Example 4: The sum of three consecutive numbers is 51. Find them.
Let numbers be x, x + 1, x + 2. Equation: x + (x + 1) + (x + 2) = 51. 3x + 3 = 51. 3x = 48. x = 16. Numbers: 16, 17, 18.
7. Common mistakes and how to fix them
| Mistake | Fix |
|---|---|
| Not transposing the sign correctly | When moving a term, reverse its operation |
| Forgetting to do same operation on both sides | Whatever you do to LHS, do to RHS too |
| Mistaking expression for equation | An equation must have an equals sign |
| Wrong variable assignment | Read carefully what the question asks for |
| Not verifying the answer | Substitute solution back into original equation |
8. CBSE exam focus
| Question type | Marks | Frequency |
|---|---|---|
| Solve simple equation | 2 marks | 1-2 questions |
| Set up equation from statement | 2 marks | 1 question |
| Word problem (age/number) | 3 marks | 1 question |
| Geometry application | 3 marks | Occasional |
| Equation with brackets | 3 marks | 1 question |
9. Self-test
- Solve: 5x - 3 = 22.
- Solve: (2y/3) + 1 = 7.
- Solve: 4(2x - 1) = 28.
- The sum of two numbers is 45. One number is 9 more than the other. Find the numbers.

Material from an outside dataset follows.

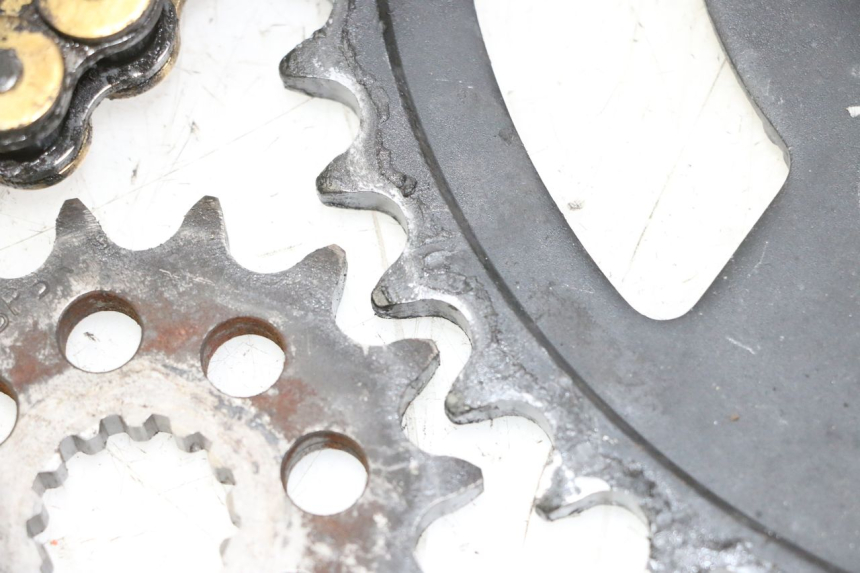 photo de CHAIN SPROCKET KIT SUZUKI SV S 650 (2003 - 2009)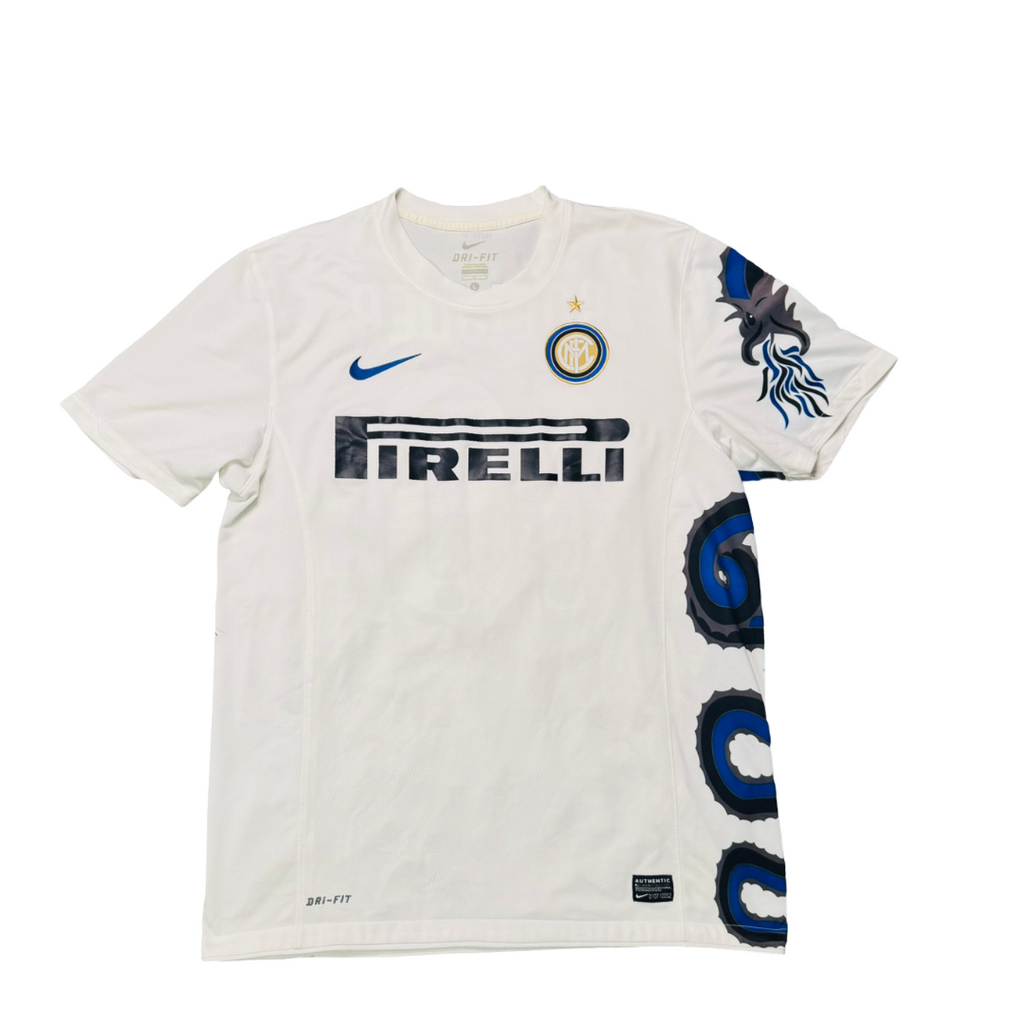 2010/11 Inter Milan Away Size L Sneijder - back view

- Rohan's father is 3 times as old as Rohan. The sum of their ages is 48. Find Rohan's age.
- The length of a rectangle is 4 cm more than its width. The perimeter is 48 cm. Find the length and width.
10. Answer key
- 5x = 25. x = 5.
- 2y/3 = 6. 2y = 18. y = 9.
- 2x - 1 = 7. 2x = 8. x = 4.
- Let numbers be x and x + 9. 2x + 9 = 45. 2x = 36. Numbers: 18 and 27.
- Let Rohan = x years. Father = 3x. 4x = 48. x = 12. Rohan is 12 years old.
- Let width = w. Length = w + 4. 2(w + w + 4) = 48. 4w + 8 = 48. 4w = 40. w = 10 cm, length = 14 cm.
11. Quick revision
- An equation states that two expressions are equal.
- To solve, isolate the variable using inverse operations.
- Whatever you do to one side, do to the other.
- Transposition changes the sign or operation.
- Always verify by substituting the answer back.
- Set up equations by carefully translating word statements.